In the preliminary round of ASC20-21, a cloze style dataset is provided. The dataset is collected from internet and contains multi-level English language exams used in China for high school, and college entrance exams: CET4 (College English Test 4), CET6 (College English Test 6), and NETEM (National Entrance Test of English for MA/MS Candidates). Part of the data comes from public CLOTH dataset. There are 4603 passages and 83395 questions in the training set, 400 passages and 7798 questions in the developer set, and 400 passages and 7829 questions in the test set. The participants should design and train their neural network to achieve the best performance on the test set.

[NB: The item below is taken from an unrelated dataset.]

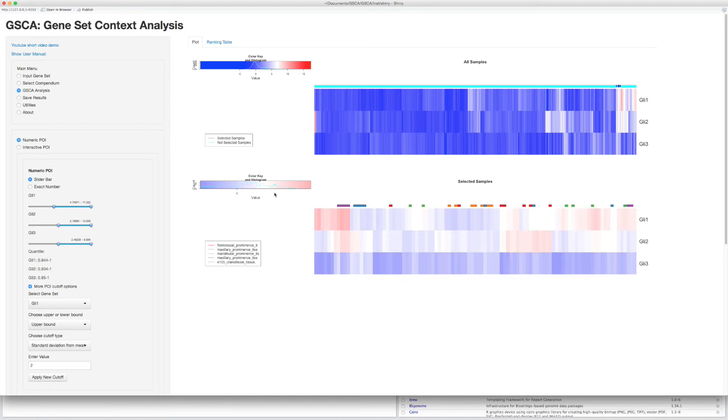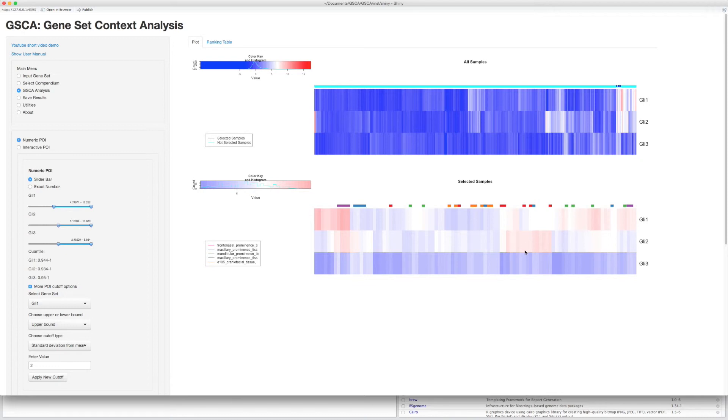The first heatmap shows the gene expression levels of all samples in the compendium. The samples indicated by dark blue are selected samples. The second heatmap shows the selected samples and the legend shows the top-ranked enriched biological context. You can change the POI by changing the bars here.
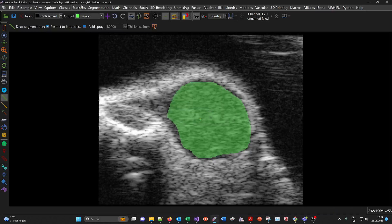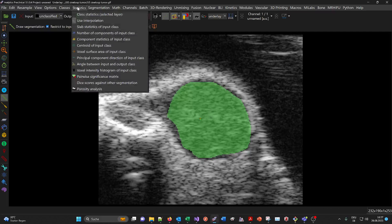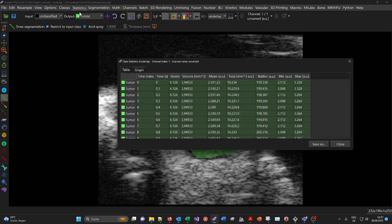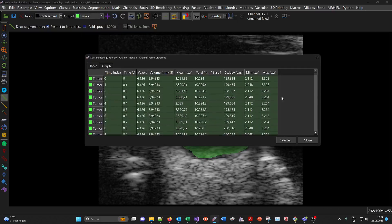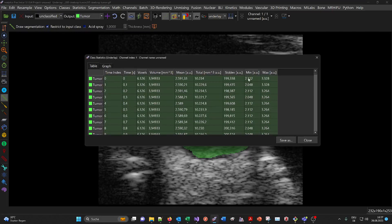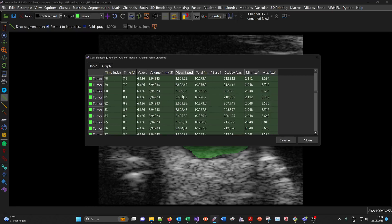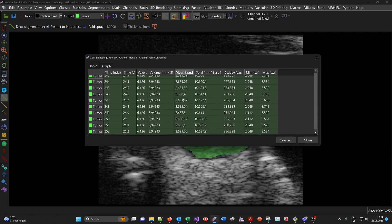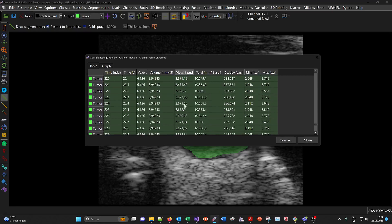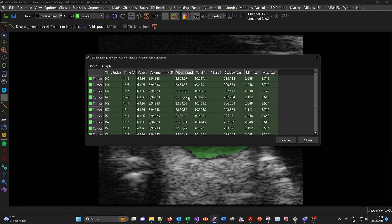You can use the statistics menu to get the class statistics. You get one row per time point of the tumor region, and this is the mean intensity. If you scroll down, you'll see that it increases eventually due to the inflowing microbubbles.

Complete the “Complete Fill-in-the-blank” task using the Bert model
- introduce the "wordnet" knowledge base as a secondary weight in prediction
- Use model integration, including Bert, Albert, T-5
In final we reached 92.53% accuracy on dev dataset.
Here is the directory structure :
- LE:Root directory
- test:A single json file contains answers for test set.
- script:PyTorch source code here
- model:PyTorch model here
Because we have used Ensemble Learning strategy,there are many generated files in the ./LE/model and ./LE/script directories.
in this directory,there saved all PyTorch model we have trained.
model_name-all:representing for model trained with full train dataset
model_name-n:representing for the no.n base learner model trained with re-sampling dataset.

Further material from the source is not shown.